- Sire: Bucksplasher
- Grandsire: Buckpasser
- Dam: Molly's Colleen
- Damsire: Verbatim
- Sex: Gelding
- Foaled: 1993
- Died: January 27, 2022 (aged 28–29)
- Country: United States
- Colour: Bay
- Breeder: Irish Acres Farm
- Owner: Quarter B Farm
- Trainer: P. Noel Hickey
- Record: 30: 16-5-2
- Earnings: $2,750,148

Major wins
- Hawthorne Gold Cup Handicap (1997) Pan American Handicap (1998, 2000) Turf Classic Invitational Stakes (1998) Hong Kong Jockey Club Trophy Stakes (1998) Riggs Handicap (1998) Breeders' Cup wins: Breeders' Cup Turf (1998)

Awards
- United States' Champion Male Turf Horse (1998)

= Buck's Boy =

American-bred Thoroughbred racehorse

Buck's Boy (1993 – January 27, 2022) was an American Thoroughbred racehorse.

==Background==
He was bred by horseman Noel Hickey's Irish Acres Farm of Ocala, Florida who sold him to George Bunn of Quarter B Farm in Pleasant Plains, Illinois. Out of Noel Hickey's mare Molly's Colleen, by multiple stakes winner, Verbatim, his grandsire was U.S. Racing Hall of Fame inductee and U.S. Horse of the Year, Buckpasser.

==Racing career==
Conditioned by Noel Hickey, Buck's Boy was sent to the track at age three, making six starts of which he won three. In 1997 he had nine starts, winning five, the most important of which was the Hawthorne Gold Cup Handicap. In the 1997 Breeders' Cup Turf, he finished third behind winner, Chief Bearhart.

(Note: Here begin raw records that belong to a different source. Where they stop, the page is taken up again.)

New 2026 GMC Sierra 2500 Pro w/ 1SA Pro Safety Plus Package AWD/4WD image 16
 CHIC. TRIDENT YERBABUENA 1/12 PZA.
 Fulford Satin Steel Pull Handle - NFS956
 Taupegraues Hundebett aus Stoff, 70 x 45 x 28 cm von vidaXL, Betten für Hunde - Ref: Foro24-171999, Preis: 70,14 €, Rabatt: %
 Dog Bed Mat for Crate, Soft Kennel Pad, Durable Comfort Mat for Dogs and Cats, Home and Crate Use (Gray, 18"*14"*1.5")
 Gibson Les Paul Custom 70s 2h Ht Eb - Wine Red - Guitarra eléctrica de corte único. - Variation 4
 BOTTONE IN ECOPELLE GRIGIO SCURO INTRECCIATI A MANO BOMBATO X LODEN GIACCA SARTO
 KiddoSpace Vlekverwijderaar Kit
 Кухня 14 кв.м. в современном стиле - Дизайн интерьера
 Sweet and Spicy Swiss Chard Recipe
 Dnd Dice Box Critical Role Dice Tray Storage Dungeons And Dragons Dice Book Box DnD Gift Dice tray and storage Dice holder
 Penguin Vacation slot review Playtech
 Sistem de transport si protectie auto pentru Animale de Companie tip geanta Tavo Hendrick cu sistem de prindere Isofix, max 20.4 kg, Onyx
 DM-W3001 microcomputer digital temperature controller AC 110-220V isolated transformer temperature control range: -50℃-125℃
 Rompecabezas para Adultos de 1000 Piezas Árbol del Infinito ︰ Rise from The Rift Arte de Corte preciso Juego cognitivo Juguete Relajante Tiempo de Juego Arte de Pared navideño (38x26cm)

At age five, Buck's Boy was the United States' Champion Male Turf Horse, winning several important races including the Turf Classic Invitational Stakes and the Riggs Handicap then capping off his season by winning the 1998 Breeders' Cup Turf in which he defeated a field that included the parimutuel betting favorite, Royal Anthem.

A gelding, Buck's Boy raced in 1999 and 2000, winning five of his thirteen starts including his second 1½ mile Pan American Handicap at Gulfstream Park.

==Retirement and death==
At the end of 2000, he was retired to his owner's Quarter B Farm in Pleasant Plains, Illinois. Buck's Boy died on January 27, 2022, at the age of 29 (Note: All horses were deemed to born on January 1.).